(Dataset excerpts)
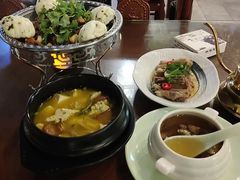 -鼎晟江南·融合江南宴(固戍店)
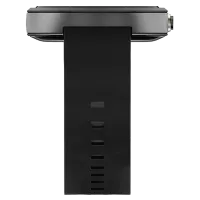 Умные часы Motorola Moto 360 1.65"/ Черный photo 4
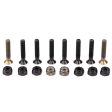 Skateboard Screws Kit - SW500 For Discount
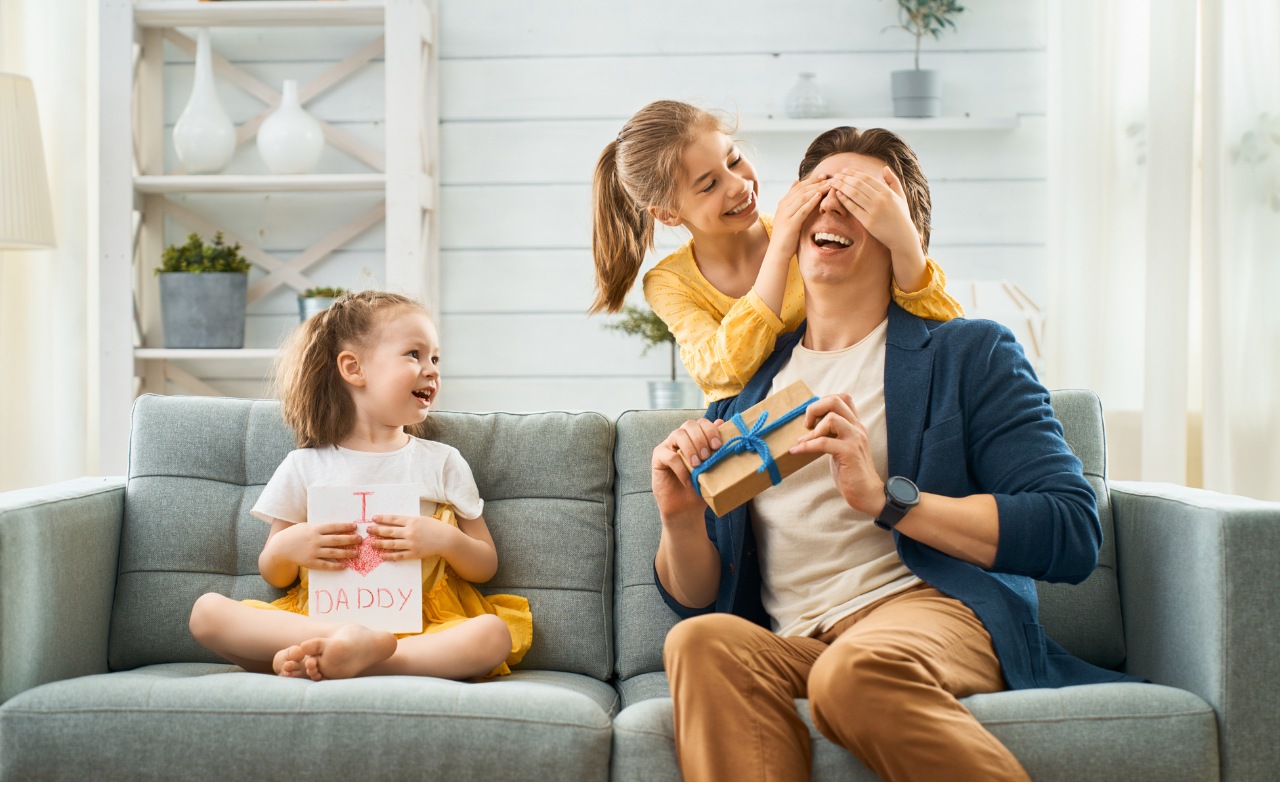 Ý Nghĩa Ngày Của Cha – Giá Trị Tình Phụ Tử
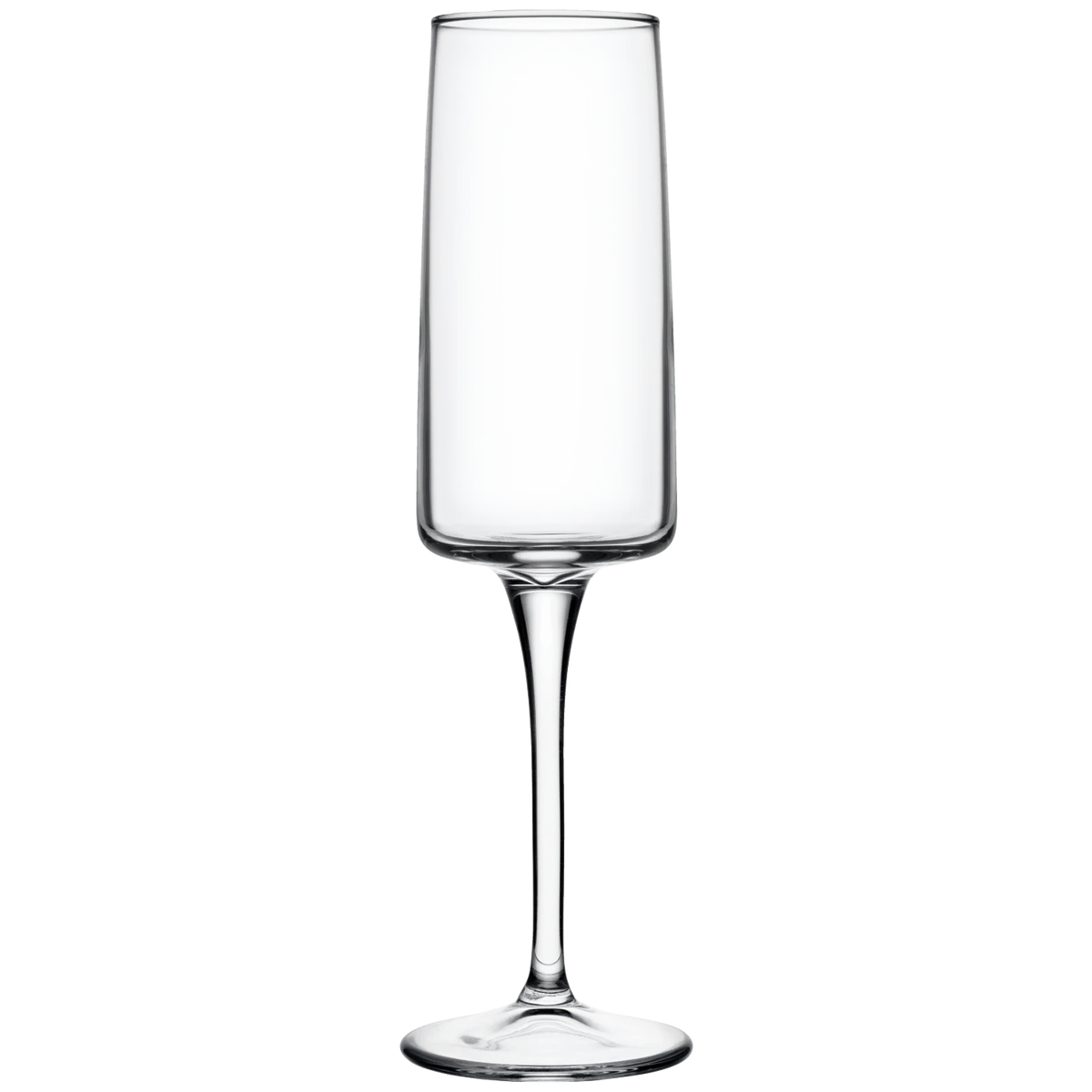 Champagnergläser im 2er-Set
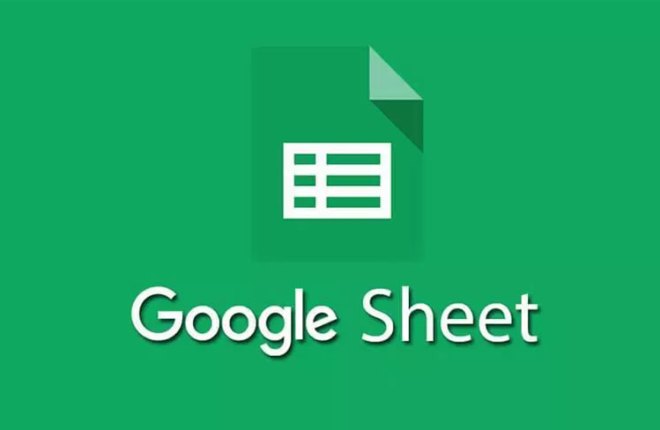 如何在 Google 表格中划分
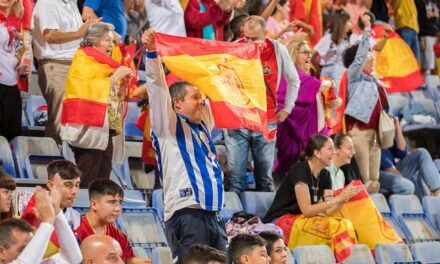 <strong>Huelva acogerá el España-Hungría de la Sub-21</strong>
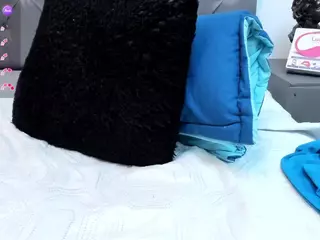 Sofia-Ortega's Live Sex Cam Show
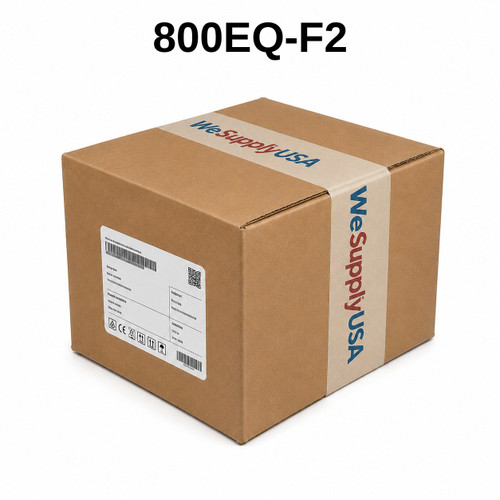 Allen-Bradley 800EQ-F2 (Refurbished)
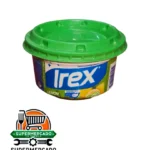 Lavaplatos Irex Limón 250g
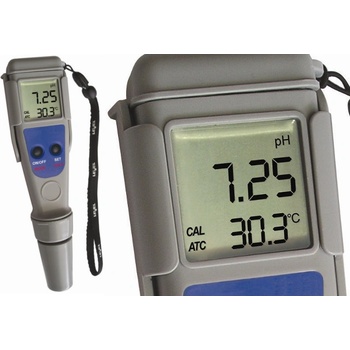 ADWA AD-12 pH Meter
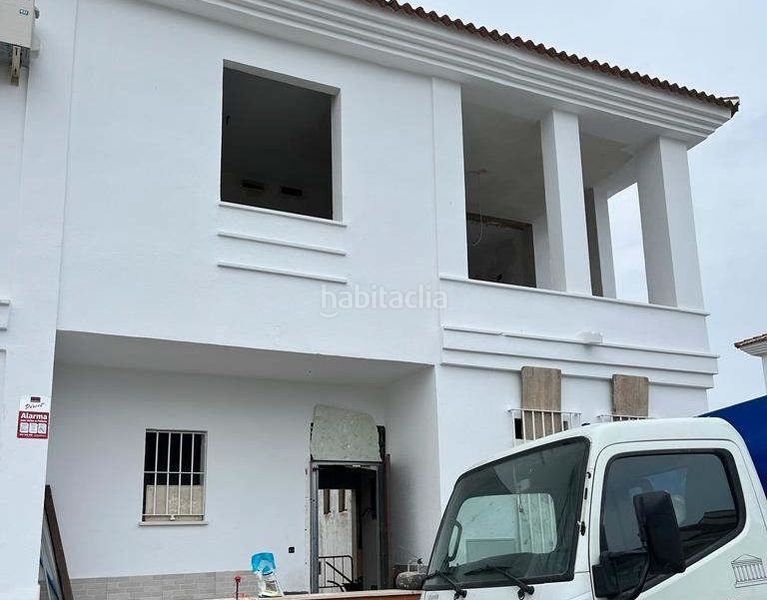 Foto 7b0921e1-45e6-4889-8487-1610748129d1. Casa a Gibraleón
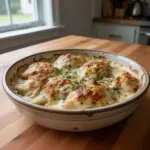 4-Ingredient Ranch Chicken Bake 5 4 ingredient ranch chicken bake 2026 03 07 181657 1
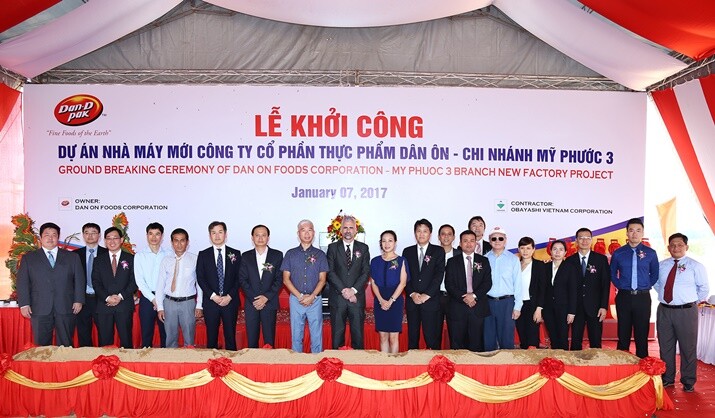 THỰC PHẨM DÂN ÔN 2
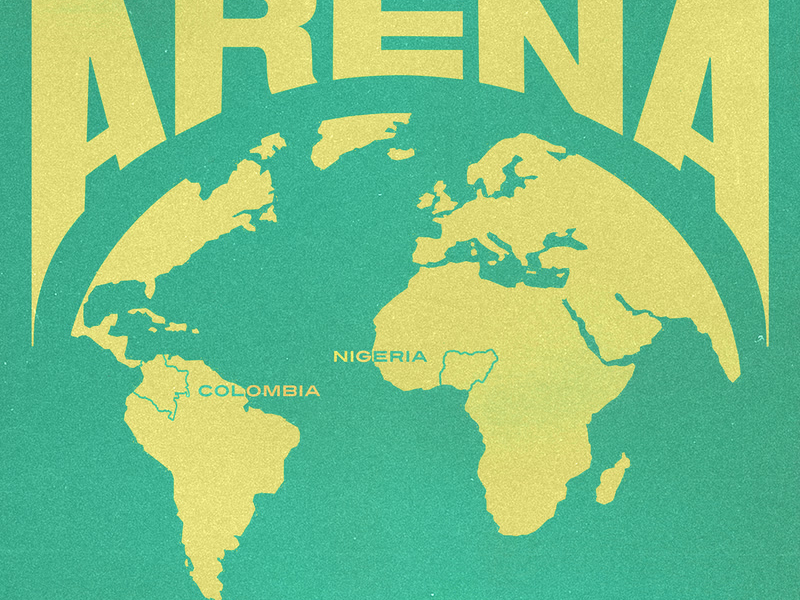 ARENA (Single)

Task instructions =>
Transcribe every entry above exactly as it stands, but skip the images.

Finished exercise =>
 -鼎晟江南·融合江南宴(固戍店)
 Умные часы Motorola Moto 360 1.65"/ Черный photo 4
 Skateboard Screws Kit - SW500 For Discount
 Ý Nghĩa Ngày Của Cha – Giá Trị Tình Phụ Tử
 Champagnergläser im 2er-Set
 如何在 Google 表格中划分
 <strong>Huelva acogerá el España-Hungría de la Sub-21</strong>
 Sofia-Ortega's Live Sex Cam Show
 Allen-Bradley 800EQ-F2 (Refurbished)
 Lavaplatos Irex Limón 250g
 ADWA AD-12 pH Meter
 Foto 7b0921e1-45e6-4889-8487-1610748129d1. Casa a Gibraleón
 4-Ingredient Ranch Chicken Bake 5 4 ingredient ranch chicken bake 2026 03 07 181657 1
 THỰC PHẨM DÂN ÔN 2
 ARENA (Single)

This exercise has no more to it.